[Data records]
-- Opening Marker --

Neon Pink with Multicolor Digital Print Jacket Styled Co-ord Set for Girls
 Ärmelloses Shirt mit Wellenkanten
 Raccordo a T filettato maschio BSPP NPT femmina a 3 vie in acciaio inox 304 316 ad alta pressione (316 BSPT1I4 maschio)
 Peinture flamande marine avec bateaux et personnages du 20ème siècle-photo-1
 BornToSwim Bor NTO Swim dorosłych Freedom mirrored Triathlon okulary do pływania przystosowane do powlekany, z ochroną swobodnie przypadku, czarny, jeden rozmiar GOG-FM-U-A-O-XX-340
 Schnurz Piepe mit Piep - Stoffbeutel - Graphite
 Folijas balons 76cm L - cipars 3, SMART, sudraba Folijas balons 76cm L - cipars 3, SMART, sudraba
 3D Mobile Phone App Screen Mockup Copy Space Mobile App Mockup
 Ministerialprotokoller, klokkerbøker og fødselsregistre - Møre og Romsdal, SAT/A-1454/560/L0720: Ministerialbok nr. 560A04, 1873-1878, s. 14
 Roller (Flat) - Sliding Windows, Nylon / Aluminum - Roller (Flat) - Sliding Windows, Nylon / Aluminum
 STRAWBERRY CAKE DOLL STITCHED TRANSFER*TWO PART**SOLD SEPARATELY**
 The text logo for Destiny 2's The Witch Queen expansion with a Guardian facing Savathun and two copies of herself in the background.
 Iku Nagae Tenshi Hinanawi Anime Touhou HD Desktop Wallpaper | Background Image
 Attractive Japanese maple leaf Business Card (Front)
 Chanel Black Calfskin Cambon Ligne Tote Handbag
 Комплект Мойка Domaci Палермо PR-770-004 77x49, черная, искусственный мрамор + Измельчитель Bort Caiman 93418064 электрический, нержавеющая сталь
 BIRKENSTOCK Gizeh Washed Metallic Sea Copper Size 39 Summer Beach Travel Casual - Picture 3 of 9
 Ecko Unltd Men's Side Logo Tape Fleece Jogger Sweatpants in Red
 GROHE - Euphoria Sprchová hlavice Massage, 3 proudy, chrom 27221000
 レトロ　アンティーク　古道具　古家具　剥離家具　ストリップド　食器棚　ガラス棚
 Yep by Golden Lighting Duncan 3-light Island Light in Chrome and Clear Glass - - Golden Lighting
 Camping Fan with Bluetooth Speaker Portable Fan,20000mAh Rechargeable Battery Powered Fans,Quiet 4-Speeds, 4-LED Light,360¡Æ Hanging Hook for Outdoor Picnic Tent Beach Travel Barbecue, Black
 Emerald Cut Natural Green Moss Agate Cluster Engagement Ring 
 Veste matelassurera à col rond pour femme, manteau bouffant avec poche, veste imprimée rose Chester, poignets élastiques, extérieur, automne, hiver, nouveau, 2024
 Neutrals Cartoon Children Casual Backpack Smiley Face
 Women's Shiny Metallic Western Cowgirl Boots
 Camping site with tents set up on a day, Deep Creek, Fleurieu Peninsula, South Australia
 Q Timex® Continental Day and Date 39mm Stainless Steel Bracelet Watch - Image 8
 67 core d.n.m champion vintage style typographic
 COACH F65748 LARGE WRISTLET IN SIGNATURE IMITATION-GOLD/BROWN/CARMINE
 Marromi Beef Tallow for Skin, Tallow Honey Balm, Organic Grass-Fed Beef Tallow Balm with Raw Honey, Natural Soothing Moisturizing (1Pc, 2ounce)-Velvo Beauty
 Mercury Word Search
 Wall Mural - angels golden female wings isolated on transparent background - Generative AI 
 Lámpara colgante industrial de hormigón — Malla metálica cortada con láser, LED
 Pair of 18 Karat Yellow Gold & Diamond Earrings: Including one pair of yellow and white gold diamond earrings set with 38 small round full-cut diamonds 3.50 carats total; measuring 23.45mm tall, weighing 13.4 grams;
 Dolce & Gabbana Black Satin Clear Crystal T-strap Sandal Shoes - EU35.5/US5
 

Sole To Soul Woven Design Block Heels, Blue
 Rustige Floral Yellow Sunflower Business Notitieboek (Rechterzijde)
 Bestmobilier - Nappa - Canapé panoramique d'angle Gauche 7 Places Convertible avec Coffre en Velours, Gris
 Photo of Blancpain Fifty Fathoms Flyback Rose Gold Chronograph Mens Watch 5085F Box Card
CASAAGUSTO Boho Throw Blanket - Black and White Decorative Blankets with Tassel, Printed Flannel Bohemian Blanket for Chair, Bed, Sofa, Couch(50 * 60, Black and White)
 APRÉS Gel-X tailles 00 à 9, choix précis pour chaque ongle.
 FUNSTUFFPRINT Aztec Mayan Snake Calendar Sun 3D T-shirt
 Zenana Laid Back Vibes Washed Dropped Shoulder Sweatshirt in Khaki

-- Closing Marker --

## PROMPT
Taking the entries above, restate exactly those lines that fall between the line with "Wall Mural - angels" and the line with "Sole To Soul Woven Design Block Heels, Blue", keeping both of those lines too.

## ANSWER FOR THIS EXERCISE
 Wall Mural - angels golden female wings isolated on transparent background - Generative AI 
 Lámpara colgante industrial de hormigón — Malla metálica cortada con láser, LED
 Pair of 18 Karat Yellow Gold & Diamond Earrings: Including one pair of yellow and white gold diamond earrings set with 38 small round full-cut diamonds 3.50 carats total; measuring 23.45mm tall, weighing 13.4 grams;
 Dolce & Gabbana Black Satin Clear Crystal T-strap Sandal Shoes - EU35.5/US5
 

Sole To Soul Woven Design Block Heels, Blue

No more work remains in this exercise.